London: After the way it all ended last time, there would be good reasons why Peter Moores may think twice before expressing a firm interest in returning to the role of England head coach. Since he was removed from the position so abruptly in 2009, Moores has also found a job he relishes at Lancashire, where he is appreciated and admired for ending the club’s long wait to win the County Championship in 2011.
Moores, though, still harbours higher ambitions and so, when he was asked at Old Trafford whether the England job is something that interests him, his answer was unequivocal. “Yes it is. I’m a passionate Englishman and the thought of coaching my country is something I’m interested in,” he said.
“There is a draw to go back and work in that environment because you are working with great players. Everyone knows it is a tough job, but it is also a very exciting job.”

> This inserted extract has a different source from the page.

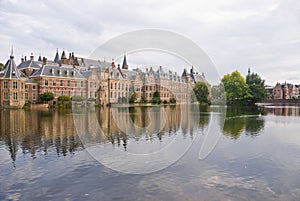 Binnenhof Palace in Den Haag photo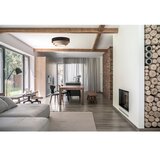  plafonsko svetlo triniti 2xE27/60W/230V braon/bež/zlatna | Eponuda.com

Moores, 51, is seen as the biggest threat to Ashley Giles’s hopes of being promoted from his present position as one-day coach to become Andy Flower’s full-time successor. The ECB is expected to interview five candidates over the next two weeks, with Mick Newell, of Nottinghamshire, Mark Robinson, of Sussex, and Trevor Bayliss, of New South Wales, also in the running.
A swift appointment is expected once the interviews have been completed, with England’s first game of the summer against Scotland in Aberdeen on May 9.
Moores’s previous 20-month stint in the job came to a messy end after Kevin Pietersen, the captain at the time, recommended that the head coach be replaced. There has also been subsequent criticism of Moores’s methods from players such as Michael Vaughan and Andrew Strauss, who felt he failed to adapt the coaching style he had successfully employed at Sussex to international cricket.
When Moores is interviewed, by a panel headed by Paul Downton, the managing director of England cricket, his task will be to convince that he will have learnt the lessons from his first spell in charge.
“Yes, I did make mistakes,” he said. “I look back and think there were definitely things we could have tackled differently. So I would do some things differently, other things I wouldn’t have changed. I’ve had five or six years now to reflect on a lot of things that did work things that didn’t.”
There was also much about his term in the job that served England in good stead once he had gone. It was Moores, for example, who recruited Andy Flower as his batting coach and Richard Halsall as England’s first fielding coach.